On Tess’s borrowed silver and teal mountain bike, I miraculously kept up. I tried to be aware of the traffic, and immediately felt a pang of guilt when I realized 1) how difficult it was to ride with traffic and 2) how dangerous it can be.
After stopping at the bank and riding around Main Street a bit, we stopped at City Bakery for cold drinks – unsweetened iced tea for me, iced lavender coffee for Matt. I was a bit windswept, my hair everywhere, but ecstatic.
“This was fucking awesome,” said a pre-pubescent, crazy haired Aaron Carter. “I really want a bike now.”
He promised to bring Tess and I to the Recyclery tomorrow, where he purchased his bike.
“You could definitely fit a bike in the back of that car,” he says, and I feel something inside me click.
I am so still extraordinarily far from the travel writers that know exactly what they like, what they want, and that are using some kind of voodoo magic to take perfectly lit Instagram pictures.
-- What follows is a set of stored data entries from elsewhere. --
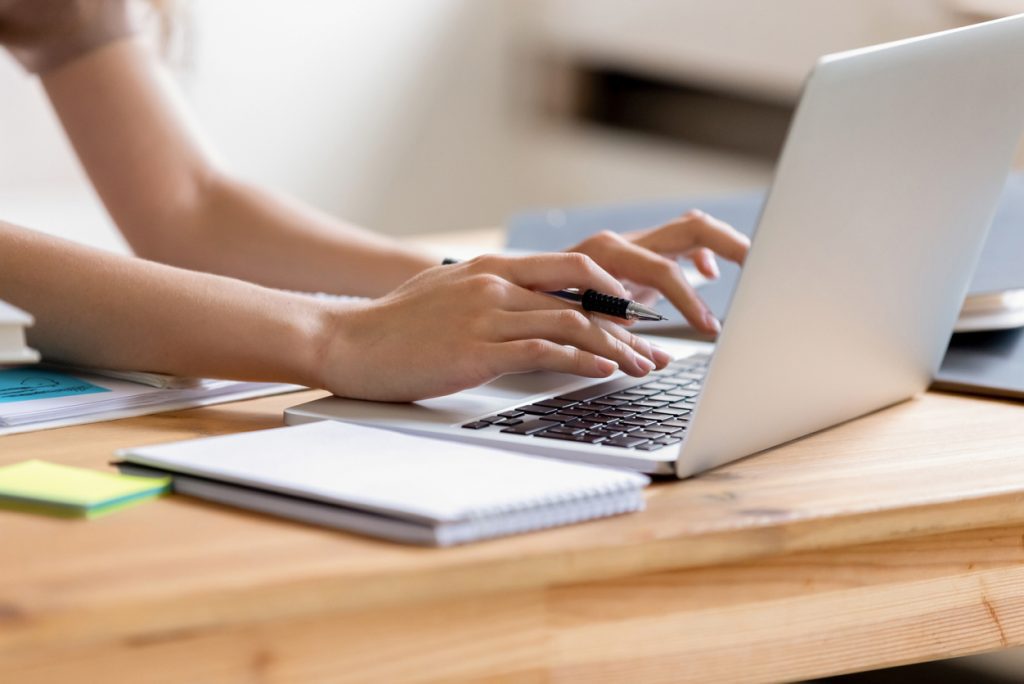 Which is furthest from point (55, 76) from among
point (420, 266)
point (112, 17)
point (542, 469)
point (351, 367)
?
point (542, 469)

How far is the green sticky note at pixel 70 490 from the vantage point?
2.04 ft

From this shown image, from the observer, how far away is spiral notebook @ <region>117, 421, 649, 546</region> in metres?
0.58

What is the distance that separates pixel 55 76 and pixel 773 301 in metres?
0.87

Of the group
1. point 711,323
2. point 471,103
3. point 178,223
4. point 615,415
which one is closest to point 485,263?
point 615,415

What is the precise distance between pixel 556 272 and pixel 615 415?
9 cm

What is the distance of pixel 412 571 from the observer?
1.79ft

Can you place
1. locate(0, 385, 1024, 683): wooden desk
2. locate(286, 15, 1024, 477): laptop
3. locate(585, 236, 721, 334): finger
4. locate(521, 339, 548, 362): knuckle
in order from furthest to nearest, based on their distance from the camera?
locate(585, 236, 721, 334): finger
locate(521, 339, 548, 362): knuckle
locate(286, 15, 1024, 477): laptop
locate(0, 385, 1024, 683): wooden desk

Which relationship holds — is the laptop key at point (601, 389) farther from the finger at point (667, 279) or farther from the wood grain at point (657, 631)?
the wood grain at point (657, 631)

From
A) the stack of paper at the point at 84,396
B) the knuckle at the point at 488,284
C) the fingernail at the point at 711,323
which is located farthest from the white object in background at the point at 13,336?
the fingernail at the point at 711,323

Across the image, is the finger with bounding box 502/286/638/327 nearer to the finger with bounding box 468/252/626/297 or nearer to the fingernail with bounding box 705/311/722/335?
the finger with bounding box 468/252/626/297

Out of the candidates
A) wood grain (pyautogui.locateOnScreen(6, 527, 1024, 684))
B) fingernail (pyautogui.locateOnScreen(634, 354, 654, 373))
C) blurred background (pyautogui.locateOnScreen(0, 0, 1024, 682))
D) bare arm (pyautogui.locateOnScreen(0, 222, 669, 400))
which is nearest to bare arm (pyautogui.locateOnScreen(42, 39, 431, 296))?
bare arm (pyautogui.locateOnScreen(0, 222, 669, 400))

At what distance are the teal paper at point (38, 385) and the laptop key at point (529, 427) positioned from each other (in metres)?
0.28

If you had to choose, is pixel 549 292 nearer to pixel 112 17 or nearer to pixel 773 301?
pixel 773 301

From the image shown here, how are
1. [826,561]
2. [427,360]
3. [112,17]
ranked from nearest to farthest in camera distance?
[826,561]
[427,360]
[112,17] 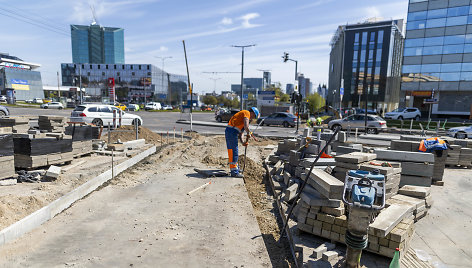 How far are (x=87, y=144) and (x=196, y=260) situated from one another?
7156 millimetres

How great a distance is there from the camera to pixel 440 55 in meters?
38.2

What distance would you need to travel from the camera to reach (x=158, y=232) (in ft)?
14.2

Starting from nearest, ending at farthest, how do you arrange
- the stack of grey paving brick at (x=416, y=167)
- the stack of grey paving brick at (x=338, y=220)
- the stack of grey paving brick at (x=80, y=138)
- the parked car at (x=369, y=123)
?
the stack of grey paving brick at (x=338, y=220)
the stack of grey paving brick at (x=416, y=167)
the stack of grey paving brick at (x=80, y=138)
the parked car at (x=369, y=123)

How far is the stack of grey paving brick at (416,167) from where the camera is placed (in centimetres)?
608

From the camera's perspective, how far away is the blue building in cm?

But what I lack in certainty or polish, I feel I make up for in optimism.
Buy a mountain bike to strap on the back of my SUV? Just because it feels like the right thing to do? Even though I haven’t historically been great or enthused about it?
Sometimes momentum and raw nerve is all we have. The huff and puff up the incline, pushing while simultaneously doubting. Then, the sweet and somewhat scary yet exhilarating feeling of soaring downhill.
Plus, I hear it’s a really good way to stay in shape.